Matty J, the current Bachelor in the Australian version of the franchise, prepares to reward one of his suitors with a rose.
Network 10/Warner Bros. International Television Production
Beatrice Alba, Monash University
The show involves a group of women competing for the attention of “the bachelor” — the single male star. He offers a rose to those who win his affections, enabling them to stay in the competition.
Is this courtship ritual old-fashioned and outdated? Or does it accurately reflect modern, mainstream norms around heterosexual romance?
Will you accept this rose?
Everyday norms surrounding heterosexual dating and relationships dictate clear gender roles, with distinct expectations for men and women.
On the dating scene, men are generally expected to approach women, and to invite women on a date. When a man “takes” a woman out to dinner he will typically offer to pay for the meal.
In relationships, when the man decides the time is right for marriage, he presents the woman with a ring and asks her to marry him. If he is especially true to tradition, the bride-to-be’s father is asked for permission before she is. Conventional weddings are as fashionable as ever, and there is no shortage of ostentatious marriage proposals by men that are shared online.
This pattern of male leadership and female passivity in heterosexual romance is woven into the formula on The Bachelor. He makes the first moves, while the women wait passively for attention, dates, and a rose.
The show is criticised on feminist grounds. But is waiting for a rose appreciably different to waiting for a marriage proposal?
However, unlike any typical real-life situation, The Bachelor pits multiple women against one another to win the approval of just one man. But even when you subtract this competitive group element, the man is still in control if it is up to him to decide when to make a move – whether that means giving a rose, asking for a date, or asking for a hand in marriage.
The core problem of male decision-making and power remains even when there aren’t multiple women competing for him. Ordinary heterosexual dating is really just a rose ceremony for one.
Girls behaving badly
Despite norms dictating female passivity in heterosexual romance, we do sometimes see behaviour that violates these expectations on The Bachelor. Occasionally, a female contestant assertively approaches the bachelor and pulls him away for one-on-one time. Sometimes the women behave competitively with one another through direct and indirect verbal attacks.
Such competitive behaviour is sometimes construed as women being “their own worst enemies”. An alarmingly common inference from such assessments is that women are somehow to blame for the discrimination and disadvantages they experience because of patriarchy.
If anything, this competitiveness is counter-stereotypical behaviour for women, given that men are typically seen as being in competition for women, who are considered the “choosier” sex. And yet, it is the violation of such feminine norms that is often viewed with the most derision.

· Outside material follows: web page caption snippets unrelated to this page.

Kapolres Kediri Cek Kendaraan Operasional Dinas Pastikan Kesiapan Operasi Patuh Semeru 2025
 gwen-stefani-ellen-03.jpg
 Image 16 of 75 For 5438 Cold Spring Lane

Men, on the other hand, are rarely accused of being “their own worst enemies” when they compete for women. Nor are their conflicts so frequently and readily condemned as a flaw of their gender.

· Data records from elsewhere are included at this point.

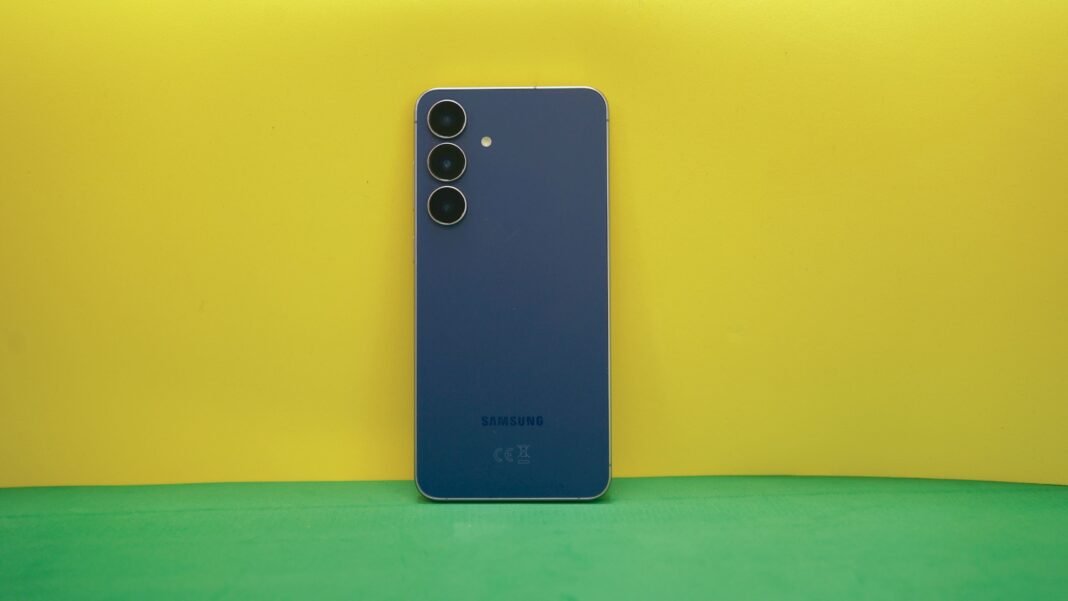 No es un Ultra, pero este móvil de Samsung me encanta porque tiene un rendimiento impresionante y no vale 1.000 euros No es un Ultra, pero este móvil de Samsung me encanta porque tiene un rendimiento impresionante y no vale 1.000 euros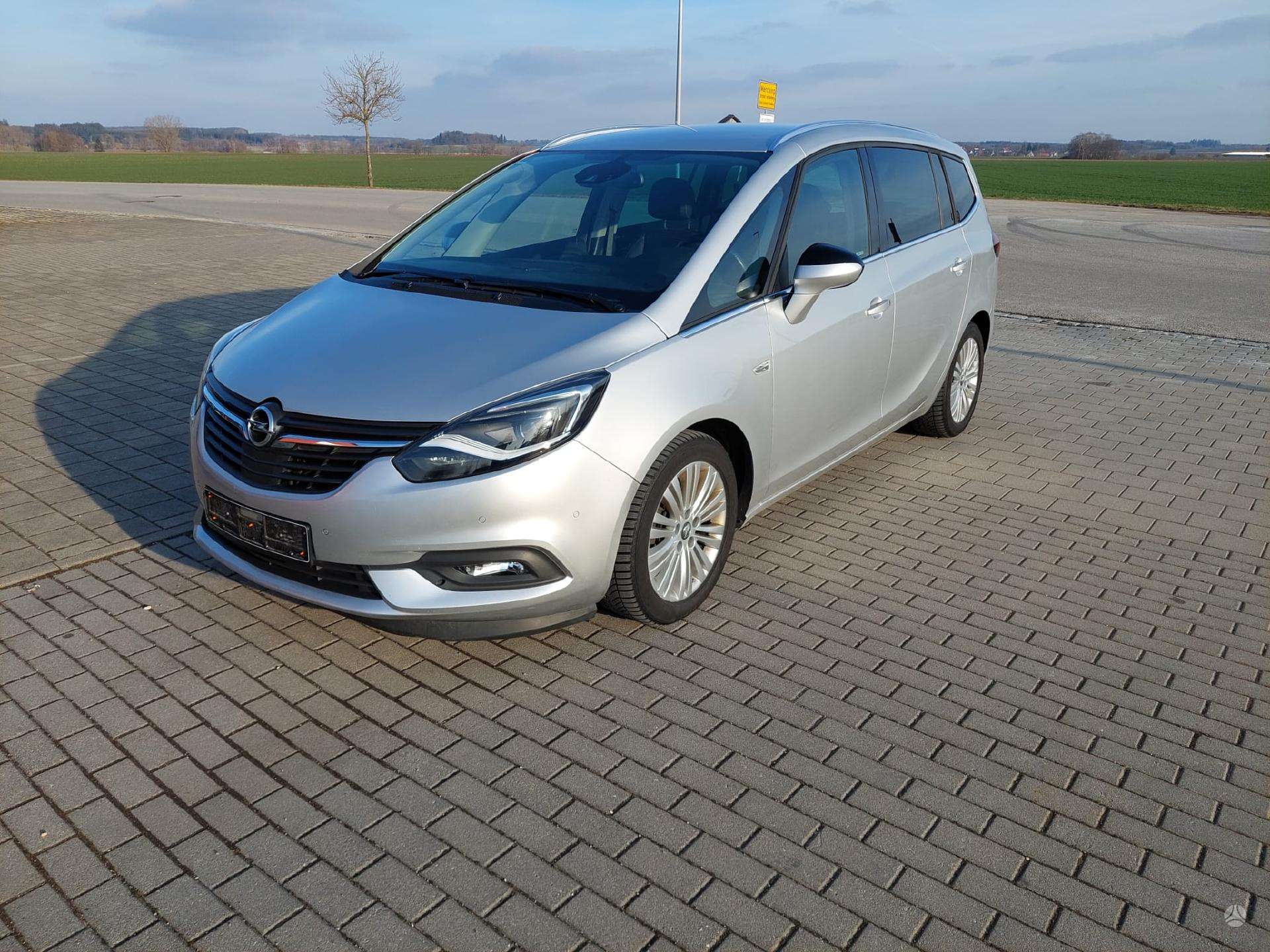zoogdier De lucht kasteel Opel Zafira tourer, 2.0 l., mpv / minivan 2016-12 m., | A23322629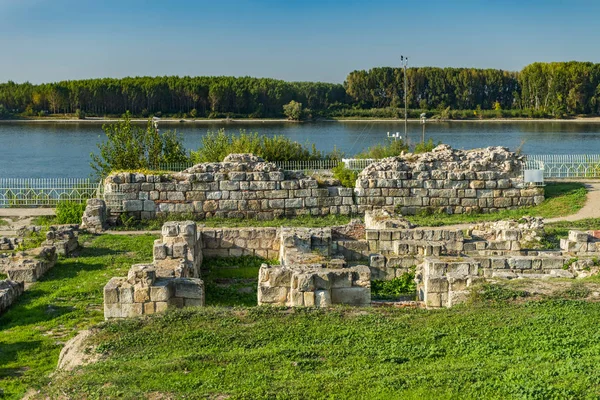 Ruiny starożytnej twierdzy Durostorum nad Dunajem — Zdjęcie stockowe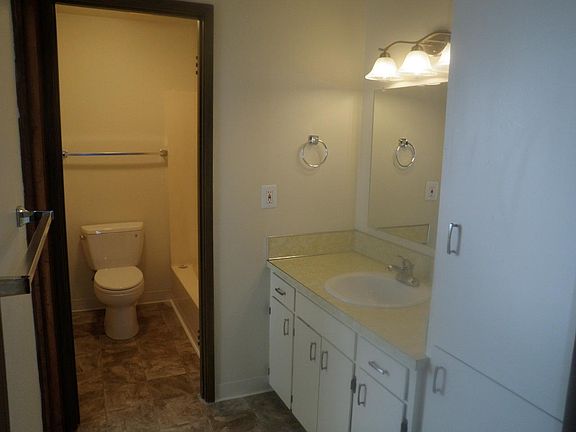 3rd image of 2510 E 8th St APT 1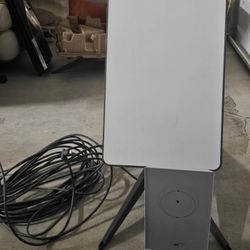 Starlink V2 Satellite Dish Kit with Router READ DESCRIPTION-UTA-212 & UTR-211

What about The Bachelorette?
The gender-reversed scenario on The Bachelorette demonstrates that the rules of the game can go either way, as far as gender is concerned. But does this role-reversal disempower men in the same way that The Bachelor supposedly disempowers women?
First, the unconventional situation in The Bachelorette is unlikely to elicit conventional behaviour from the male contestants, since the situation is so unlike reality. Forcing males into a more passive role is always recognised as simply a brief suspension of conventional norms.
In fact, The Bachelorette is recognised as a subversion of traditional gender roles. This temporary role-reversal has an inherently different meaning, given that it occurs in a broader social context that is far more consistent to the situation in The Bachelor.
In this sense, we never truly reverse the roles, because it occurs within a context where conventional gender roles remain.
Once the show is over, the contestants return to ordinary norms, where men take the lead. Knowing this, any passivity or powerlessness that men might experience as contestants on The Bachelorette isn’t going to have the same impact, nor continue once they leave the house.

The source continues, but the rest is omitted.